Welcome to this edition of Famous Quotivations #6 for December 24, 2010.

balancing money and happiness‘Try not to become a man of success, but rather try to become a man of value.’

~Albert Einstein

Every Friday I choose quotes that I think are motivating or inspiring.

I recently found this quote on Leo’s blog .

I thought it, and the blog post that accompanied it, to be so in line with the way I feel about the subject of success attainment that I couldn’t resist making it the focus of today’s quotivation.

He claims that he was a success even from the day he started his blog.  He says he had no readers then, but he was happy because he loved doing what he was doing.

Too bad not more of us think like that.

The reason we don’t, I believe, is because there is a problem with the term “success.” We can’t seem to agree on how to define it.
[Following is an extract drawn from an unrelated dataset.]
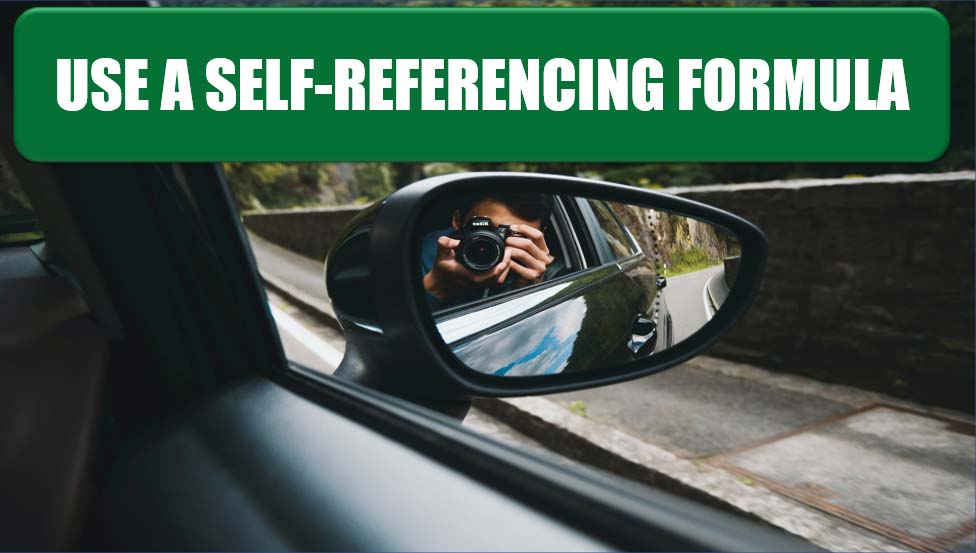 Use A Self-referencing Formula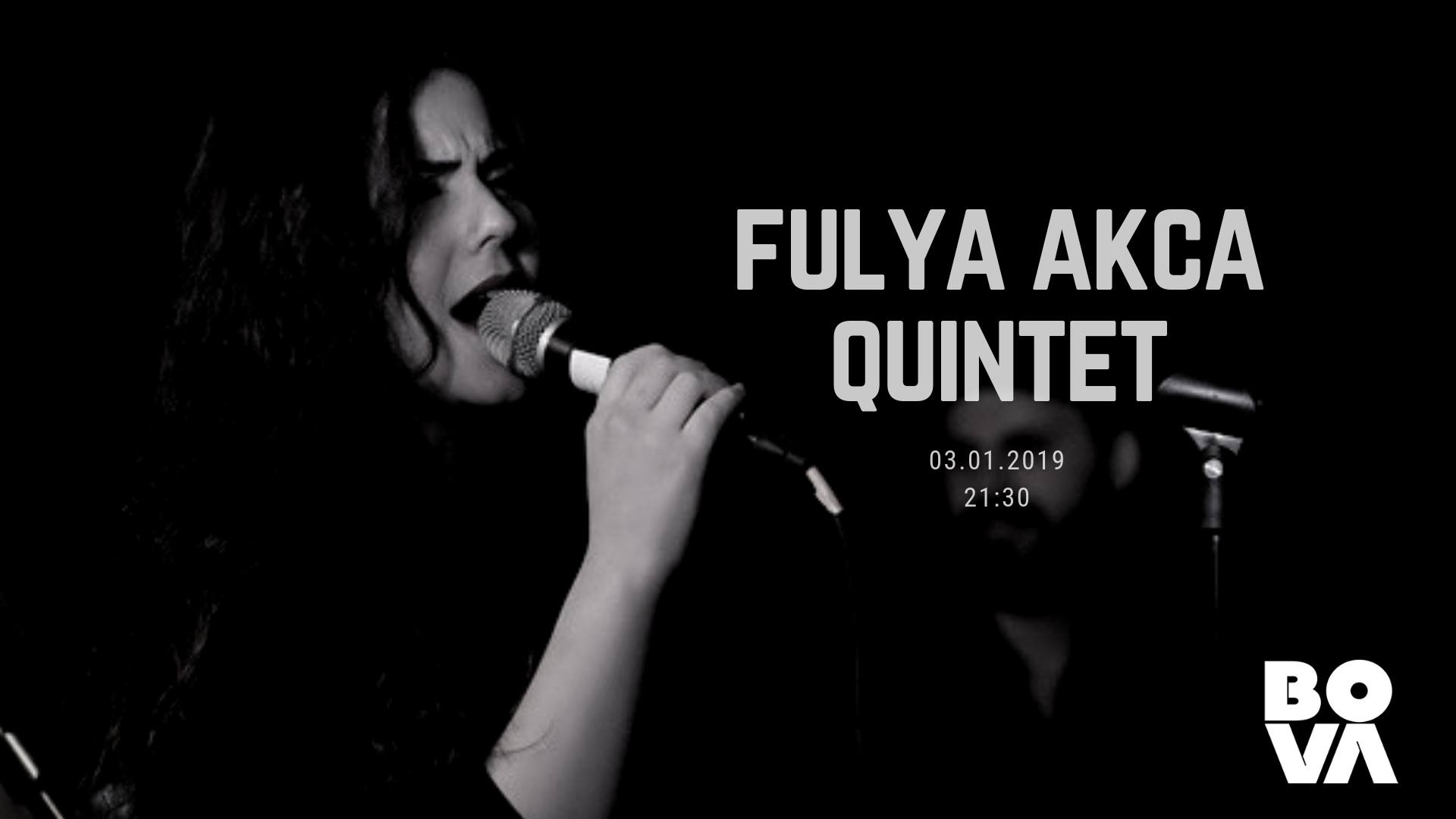 Fulya Akça Quintet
That’s because it means different things to different people, and personal opinions can be touchy things when it comes to defining our station in life.

In my work, which I’m very passionate about, I’m often trying to add value to my clients.  It’s sometimes a struggle. Because what I’m offering is an intrinsic experience, and it’s tough to make clear what it’s like before they actually get into the actual experience.
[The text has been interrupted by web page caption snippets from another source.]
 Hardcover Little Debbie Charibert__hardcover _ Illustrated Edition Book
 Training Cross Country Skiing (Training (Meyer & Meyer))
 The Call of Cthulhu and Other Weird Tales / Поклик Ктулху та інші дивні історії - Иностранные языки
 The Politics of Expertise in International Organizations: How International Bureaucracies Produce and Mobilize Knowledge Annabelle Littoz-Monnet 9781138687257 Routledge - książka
I’m attempting to find a way to explain that I’m out to bring them a state of mindset maintenance that is not too up and not too down, but in the middle. Like a teeter- totter that stays level.  It acts sort of like an immune system.  It mirrors the body’s immune system, except it looks after the thinking flesh rather than the physical flesh.

That’s my value.

In thinking about success, the common thing most people do is look at the bright, shiny objects (hype) that successful people often possess. But there is a reason why they call them “trappings” (stress).

In the early part of this century, when the super-rich John D. Rockefeller was passing on the family mantle to his only son, the treasure trove was referred to as a “heavy burden,” and indeed it was to the young John Jr. He grew up terrified of making a mistake.

Value, on the other hand, is about giving something to others. The magic of giving intrinsic value is that it’s bottomless. It never runs out because the more you give, the more you’ve got. Giving intrinsic value is the road to happiness because it changes lives with invisible enrichment.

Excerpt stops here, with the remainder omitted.